In reality, there is an uptick of spirituality among emerging adults, according to Adamson. Young millennials and upcoming Homelanders aren’t necessarily saying no to the gospel, but rather the way the gospel is presented, he says.
“Are younger people really not interested in God, or are they just not finding a place in our community?” asks Adamson, who has been involved in youth ministry for two decades. “Let’s not assume they’re not interested in the dialogue. Maybe they are not interested in the monologue, and they are not finding a place to lend their voice to the conversation.”
“There is a deep spiritual hunger in Generation Z,” says Elmore, based in Atlanta. “They know their soul needs something that superficial social media doesn’t provide, but they don’t necessarily see church as the place for answers.”
A lack of real relationships at church has contributed to young people questioning authority, according to Jourdan Lunsford, leadership development specialist with the AG National Women’s Department. Subsequently, while they are generous with causes they believe in, many won’t contribute financially to the church they attend because they don’t trust how the funds will be spent.
Today in numerous churches, particularly large ones, multimedia presentations preside in an effort to be relevant to young people who have become accustomed to technology overload in daily life. Congregants face multiple jumbo screens; cameras cut from musicians to singers and back again with precision; the fervent worship experience resembles attending a rock concert.
But is clamorous and flamboyant the best approach?
“What I have heard from both the younger millennials and Gen Z is that very often they think the Church is overproduced and over-programmed,” says Elmore, author of books such as Artificial Maturity: Helping Kids Meet the Challenge of Becoming Authentic Adults and Generation iY: Secrets to Connecting with Today’s Teens & Young Adults in the Digital Age. “They want authentic and real, and the Church doesn’t come across that way to the young person.”

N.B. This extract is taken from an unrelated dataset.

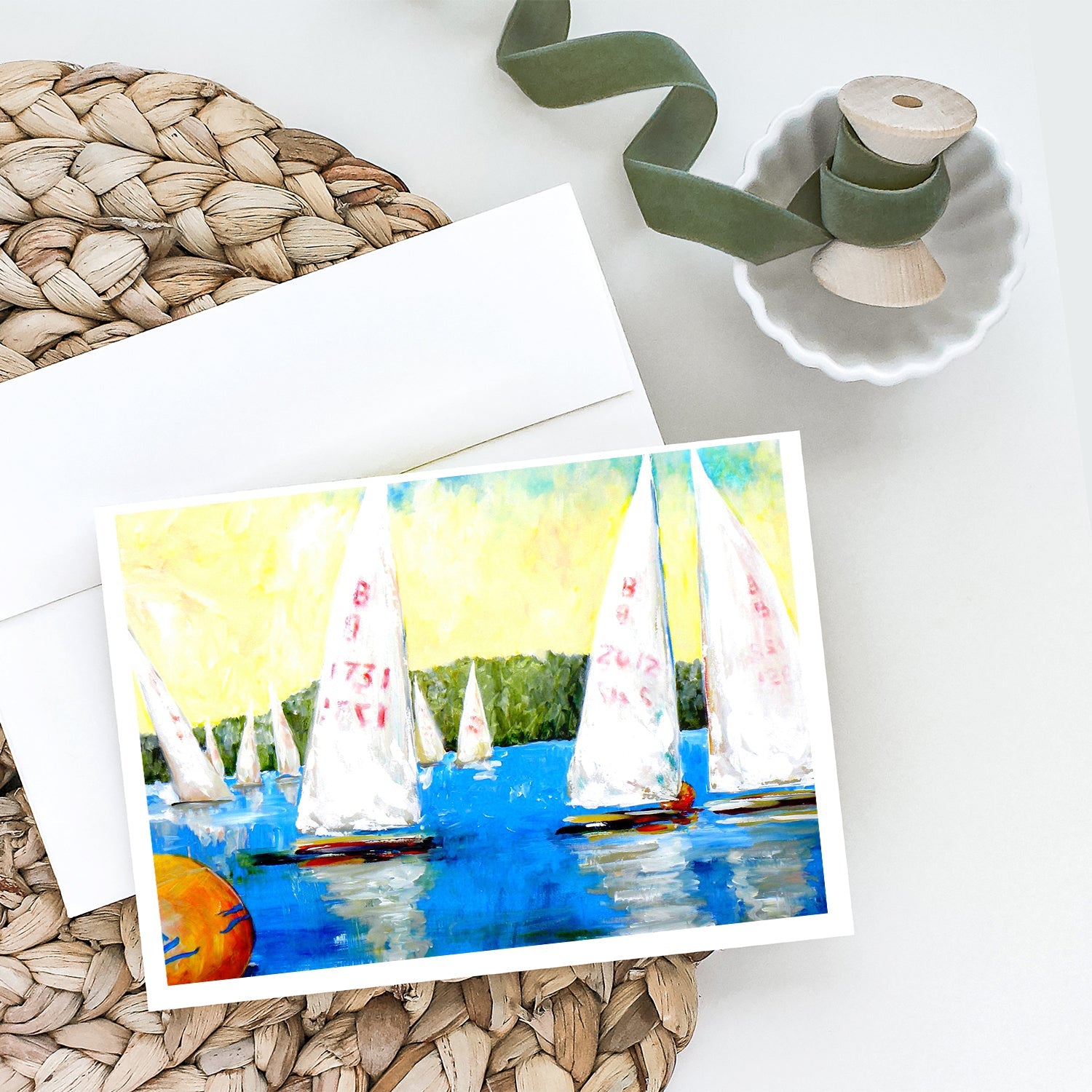 Sailboats Round the Mark Greeting Cards Pack of 8 Blank Cards with Envelopes Whimsical A7 Size 5x7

Nevertheless, interacting with electronic devices has become the default of younger millennials. Facebook, Twitter, Instagram, YouTube, Twitter, and Pinterest have documented their lives.
“We go to the phone even without a reason,” Lunsford says. “People feel disconnected because they don’t feel like anything that is happening is directed toward them. Our generation feels like we have something to contribute, and if we aren’t feeling like we’re connecting, we just tune out immediately.”
“Their normal, natural habitat is to be on their phone, scrolling through social media,” Elmore says. “But they’re missing part of the experience when they’re not fully engaged.”
Smartphones are nearly ubiquitous among younger adults, with 98 percent of 18- to 24-year-olds owning one, according to Nielsen. Gallup in 2015 reported that 73 percent of people ages 18 to 29 check their smartphones several times an hour.
Instead of being hypercritical of an addiction to technology, Adamson suggests pastors try to engage young people. For instance, a pastor who notices young people glued to their mobile devices might suggest they text an encouraging word to someone, then put their phone away.
“When Jesus sat down with the woman at the well, he didn’t communicate in a didactic way,” says Adamson, who emerged from a teenage life steeped in substance abuse and occultism, recounted in his book, The Bush Always Burns. “How can we harness and redeem technology without demonizing it?”